Of course, it all depends on whether you’ve still got your audience. We’re not going to be playing in a little pub in Shepherd’s Bush, or whatever. We’d never do that. If we still have our audience, and if we still feel creative, there’s no reason why we shouldn’t keep doing it for a number of years.

But I don’t think it’s something you can plan. I’m sure the Rolling Stones didn’t sit down when they were forty and say: oh yeah, we’re still going to be doing this when we’re seventy. They’d go mad. It has to be a progressive thing.

But they do set an example of that being a perfectly good, viable option to take.

That’s the thing about the Rolling Stones: they have opened that option. There are only a handful of bands who are still going: U2, the Red Hot Chilli Peppers, Depeche Mode, and not many others. But the Stones have said: actually, you don’t have be done when you’re forty, or fifty, or sixty. You can keep doing it.

I’m intrigued to see you worked closely with Timbaland and Justin Timberlake on the current album (Red Carpet Massacre). What were you looking for them to bring to the table?

Timbaland has been one of the world’s biggest producers over the last few years, and Justin has been one of the biggest male artists. So if you get those two guys saying that they want to work you – of course! It was a no-brainer. We didn’t go chasing them; they wanted to work with us. It was a great opportunity to keep the band moving in a contemporary direction.

It must have been a departure for all concerned. I’m not aware of Timbaland having worked with any bands before. Was it a two-way learning process?

I think we were the first band that he’s worked with, and it was the first production project that Justin has been involved in. It was very much an experiment. We had no idea what to expect. We all just turned up to this little studio in New York on a Sunday evening. Timbaland was there with his beat box, Justin was there with some lyrics and melodies, and we just jammed. It could have gone completely wrong, but luckily it worked.

A lot of the tracks have a late night, funky feel, as if you’re finding the groove again. Was that part of the intention?

That was one of the manifestos for this album: that we would somehow get back in the clubs, and find our groove again in a very contemporary way. We thought Tim would be the ideal guy to do that for us.

Timbaland is known for using electronics to generate beat patterns. As a drummer, do you find that today’s technology can take some of the challenge away? Is there a danger that it can dull your edge?

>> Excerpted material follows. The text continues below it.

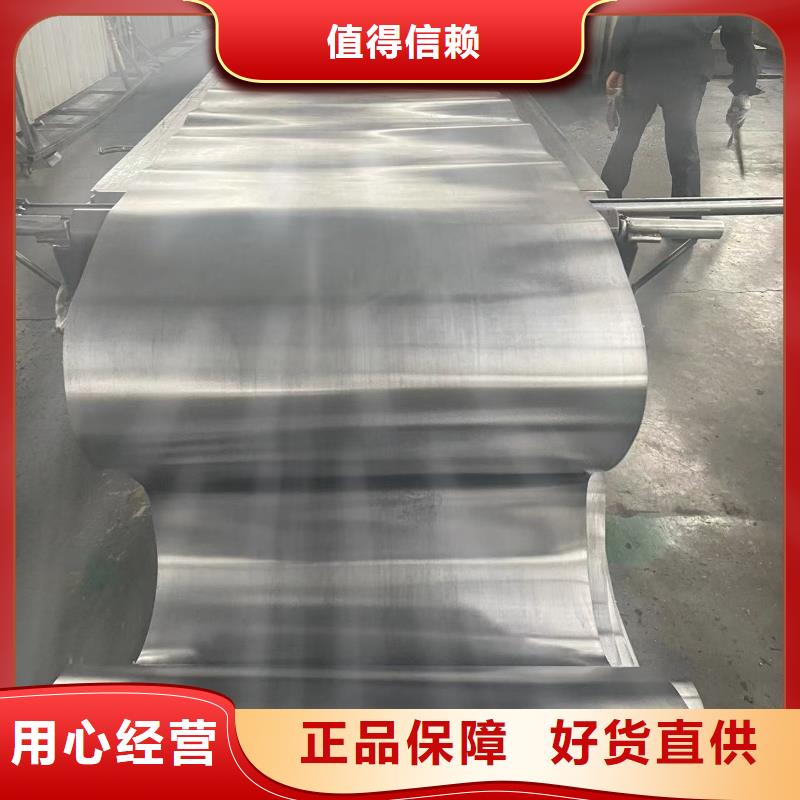 防輻射鉛板-0.5mm鉛板經(jīng)驗豐富質(zhì)量放心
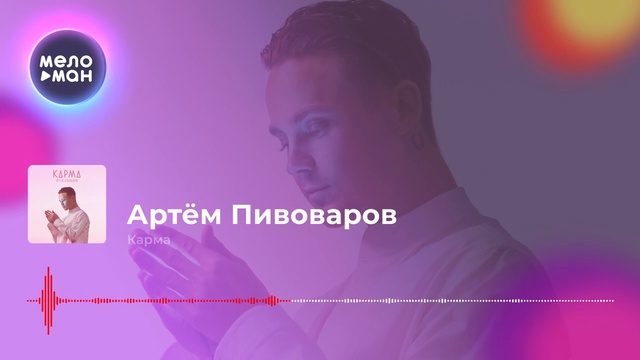 Артём Пивоваров - Карма смотреть онлайн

Well, I’ve never been a down-the-line rock drummer. I’ve always used electronic drums and I’ve programmed, so that makes it a lot easier. If I was a rock drummer with no interest in electronics, it would have been difficult, but that’s always been very much part of the Duran sound. If they’d tried to do it with the Chilli Peppers, who just plug in their instruments and play, I’m not sure it would have worked. But we grew up with Kraftwerk and the Human League, and we formed the band in a club, so that made us much more open-minded.

I heard that there’s a section in this tour where you explicitly pay homage to Kraftwerk. All four of you take to the keyboards, is that right?

Yeah, I play a little electronic kit à la Kraftwerk, and the other guys play keyboards. Our management suggested that we should do a bit in the show where we come to the front of the stage with acoustic guitars and bongos, or whatever. Fuck, we’re not doing that! Our roots were electronic, which is to say Kraftwerk. So we thought that a great way to do our “acoustic moment”, if you like, would be to get out the electronic instruments and pay homage to our roots.

It really gets us in contact with the audience, because we’re all right at the front. It only lasts for fifteen or twenty minutes, so it’s a nice contrast to the live band thing.

One of the great things about your 2004 show at the Arena was the sound quality. The Arena is a difficult venue acoustically, and you do have to put more work in with it. So I salute you for doing that.

We’ve got great sound guys, so hopefully it should work for us!